Un réseau social désigne l’agrégation de relations de nature très diverses, formelles ou informelles, ponctuelles ou continues. Elles peuvent concerner le réseau familial, le réseau d’entraide que peut représenter le voisinage, les réseaux de coopération entre chercheurs ou établissements, les causes partagées, les engagements militants,  les clusters ou encore les réseaux professionnels traditionnels.

La dénomination « Réseaux sociaux » est un excès de langage puisque les Facebook et autres Linkedin ne représentent pas l’unique forme de réseaux sociaux, c’est-à-dire de connections organisées entre individus.  Ces interactions entre personnes peuvent être multiples et se situer dans de nombreux contextes sociaux très différents dont certains n’ont pas nécessairement de liens avec Internet. 

Pour certains, les réseaux sociaux sont sans limites car le fonctionnement en réseau permet d’accéder à tous les points du réseau grâce à la démultiplication des points de connectivité intermédiaires.
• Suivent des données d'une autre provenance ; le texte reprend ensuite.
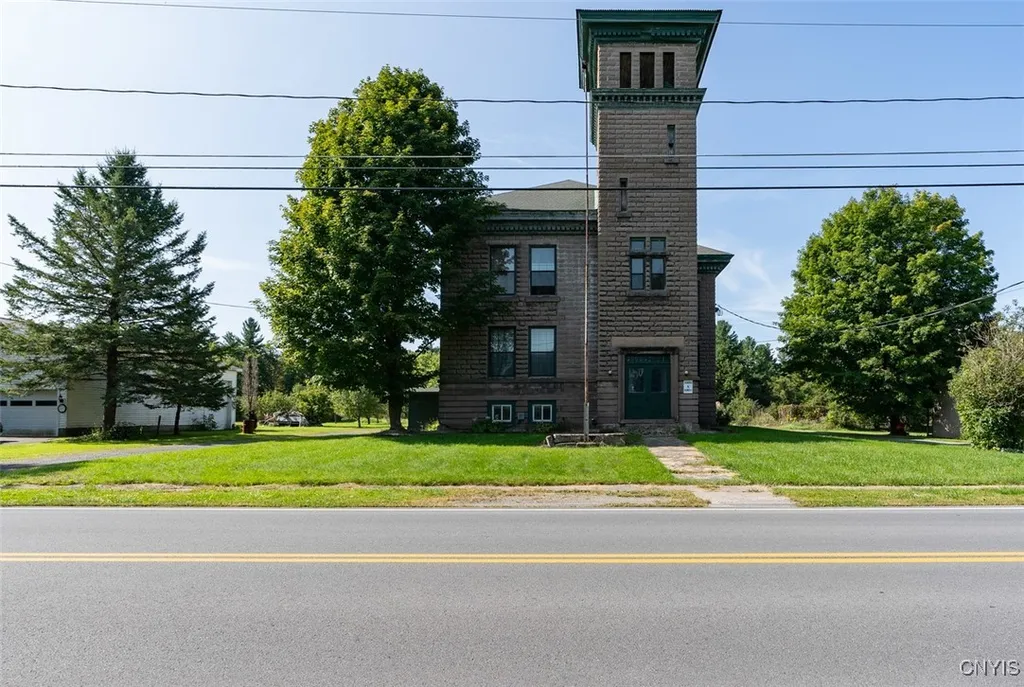 Property at 30850 County Route 143, Rutland, NY 13638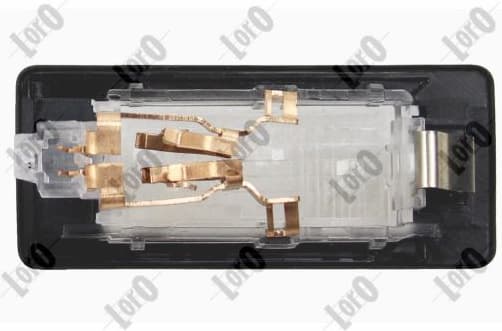 Licence Plate Light LORO 053-14-900 - image 2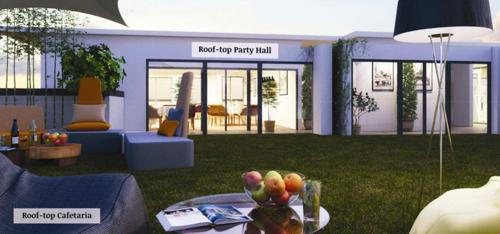 Images for Amenities of SVP The Imperial Gulmohur Vasant the-imperial Images for Amenities of SVP The Imperial Gulmohur Vasant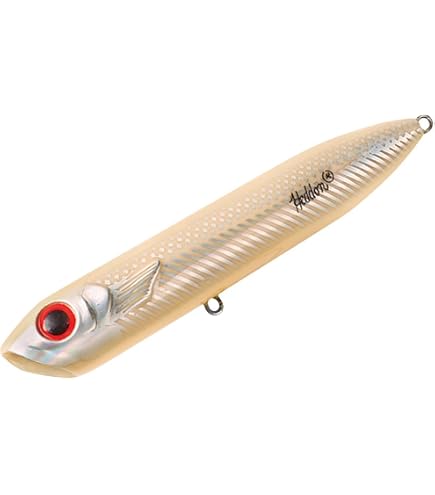 Amazon.co.jp: スミス(SMITH LTD) ヘドン チャッグンスプークJr. #435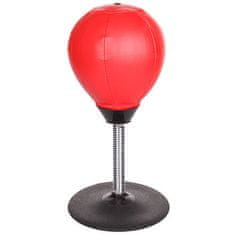 Merco Mini Boxing Ball stolná boxovacia hruška varianta 36653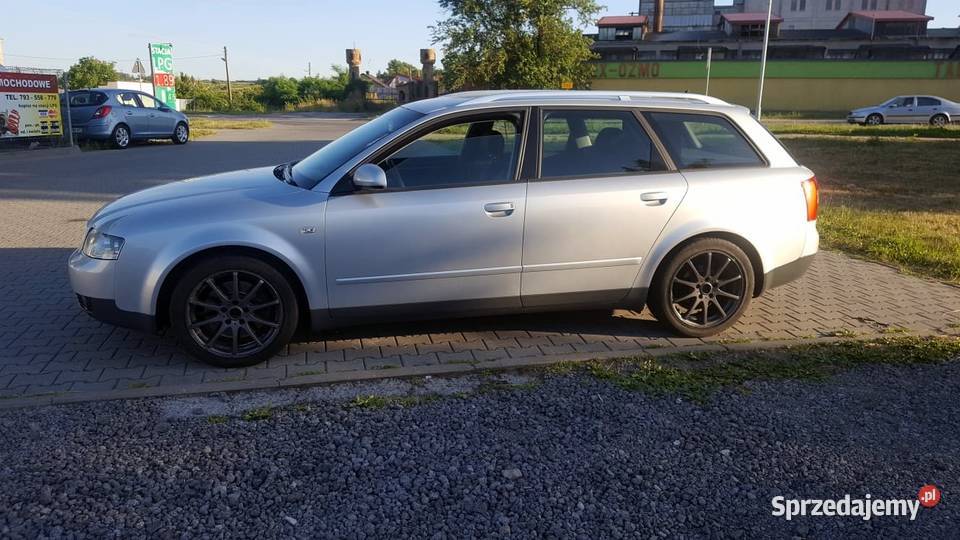 Felgi aluminiowe DEZENT V 17 Ostrowiec Świętokrzyski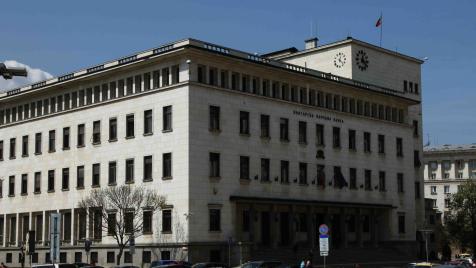 Вечерни новини: RATE класира най-добрите банки в България; БНБ изтегля всички левове до края на февруари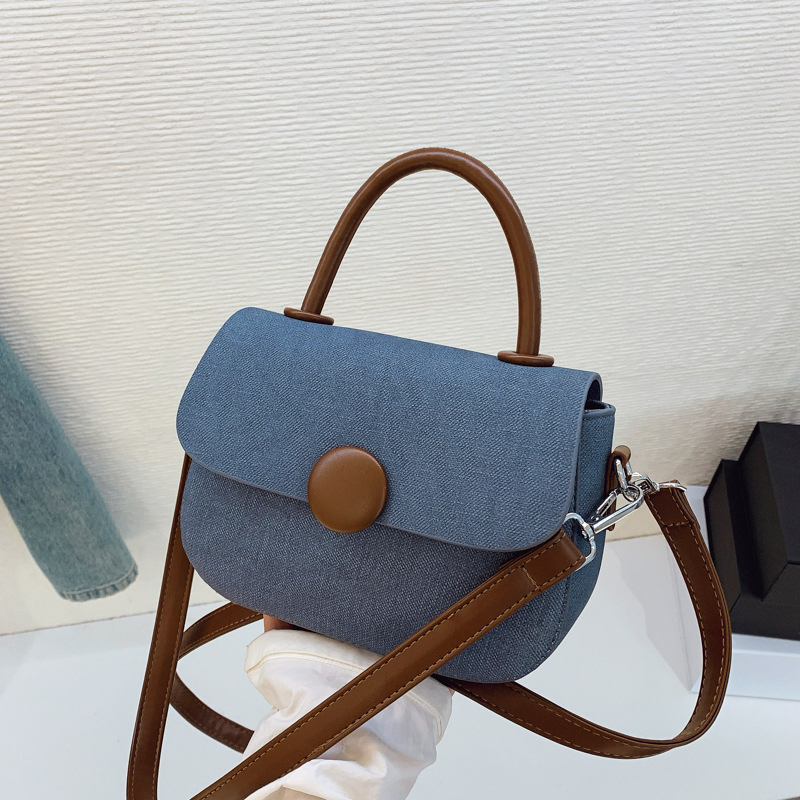 Shoulder Square Bags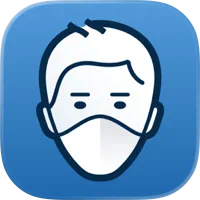App to analyze the air quality in your home today!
Stanley Milgram[1], en 1967, a montré qu’il suffisait de relativement peu d’intermédiaires (environ 5) pour se connecter à n’importe quel point d’un réseau. Ce nombre d’intermédiaires a encore baissé dans l’étude de Michel Forsé [2] en 2012 qui intègre les réseaux sociaux sur Internet puisqu’il est estimé entre 3 et 5.

 Mais est-ce qu’avoir la possibilité d’avoir un réseau social illimité modifie notre capacité à créer des relations sociales ?
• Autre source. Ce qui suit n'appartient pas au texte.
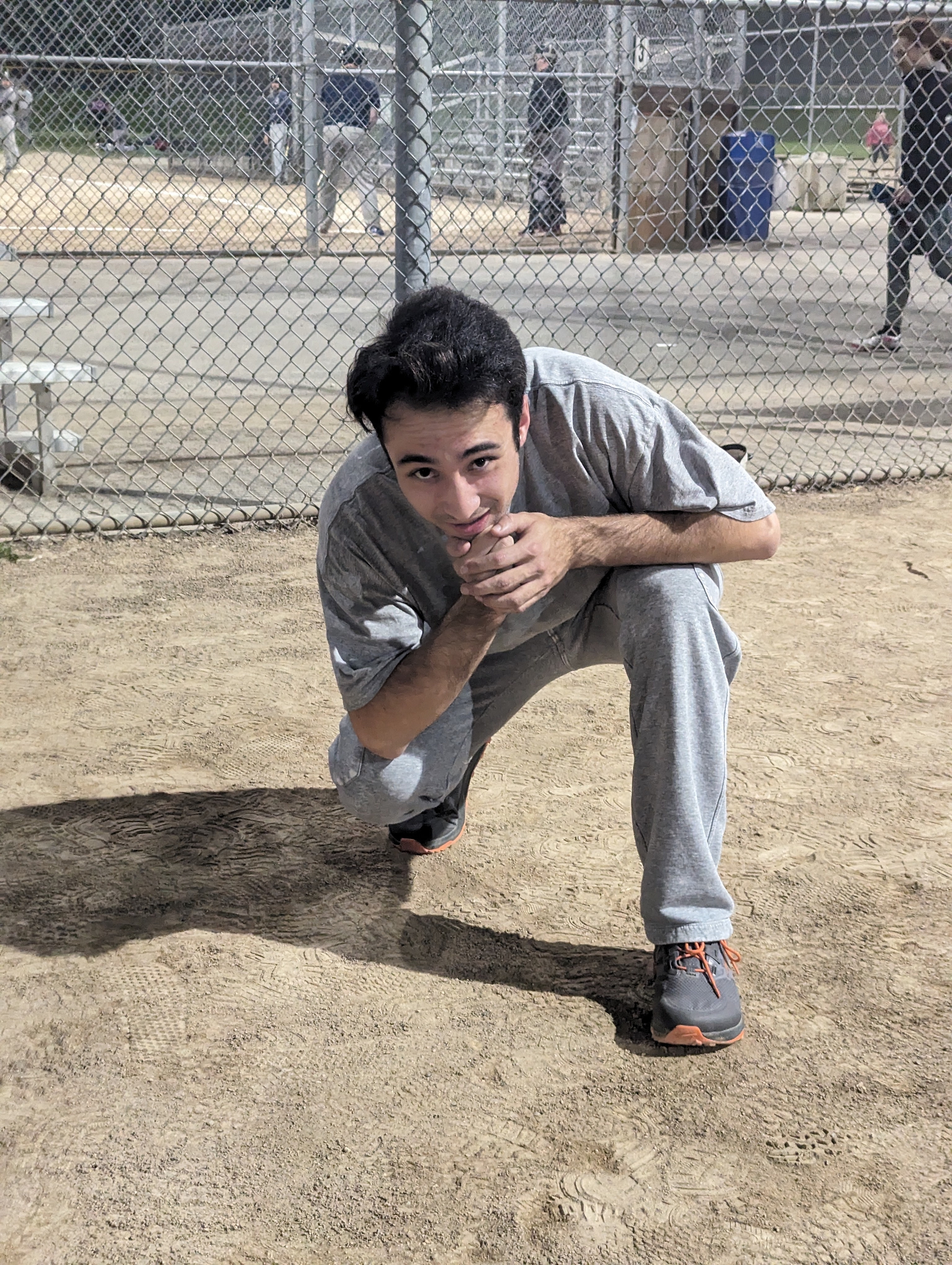 POTG - Recess All Stars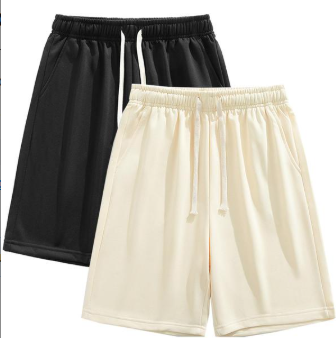 Pantalones Cortos Deportivos - Noah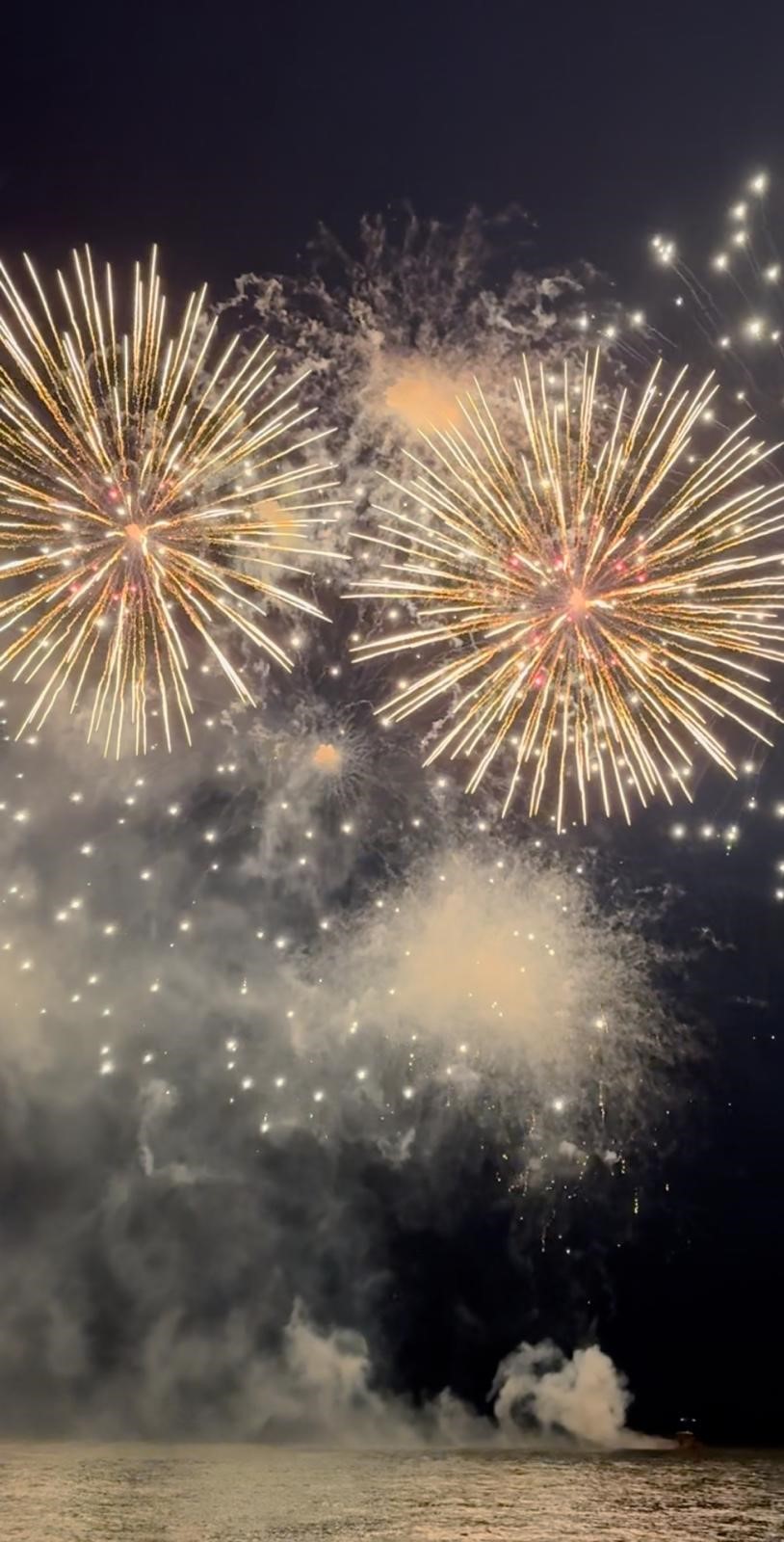 Silvester – Ein Funken neuer Möglichkeiten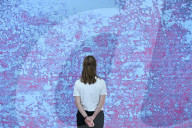 NEWS - London: Henri Barande Ausstellung in der Saatchi Gallery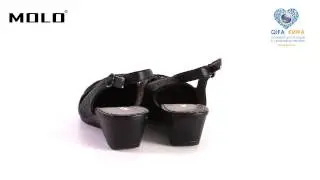 женские туфли MOLO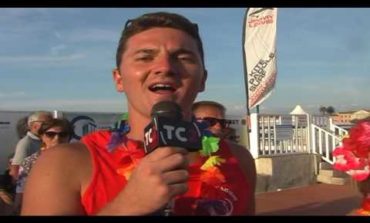 Ai Bagni Lido si conclude con il "Sangria Party" (VIDEO)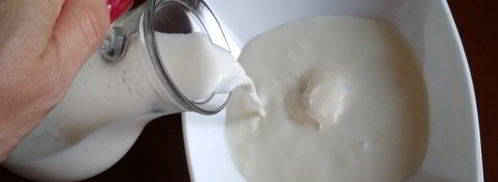 трубочки из лаваша, запеченные в соусе. Шаг 7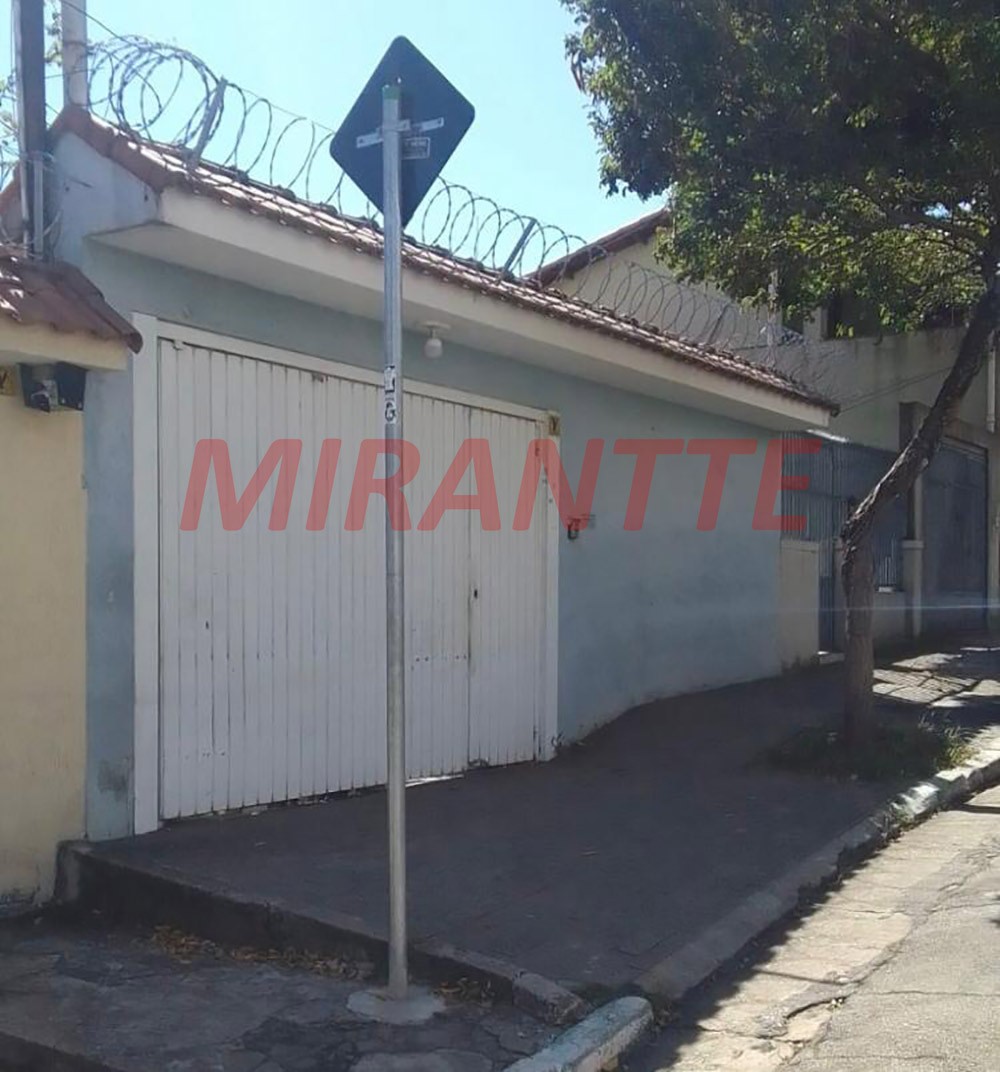 Terreno de 8m² em Vila Gustavo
Il y a en effet une différence notable entre les modèles mathématiques et les possibilités permises par la technologie et notre capacité humaine de nous mobiliser pour des relations interpersonnelles.

Même si nous connaissons 2000 personnes par leur nom, que nous avons 100 à 200 personnes que nous pourrions solliciter pour nous présenter à quelqu’un que nous ne connaissons pas, nous n’échangeons  régulièrement qu’avec 20 à 50 personnes (selon les études) et il n’y a que 3 ou 4 personnes à qui nous accepterions de faire des confidences.

Schéma réseaux personnels

Certains psychologues considèrent qu’il existe une limite cognitive de 150 liens stables que nous pouvons entretenir en même temps.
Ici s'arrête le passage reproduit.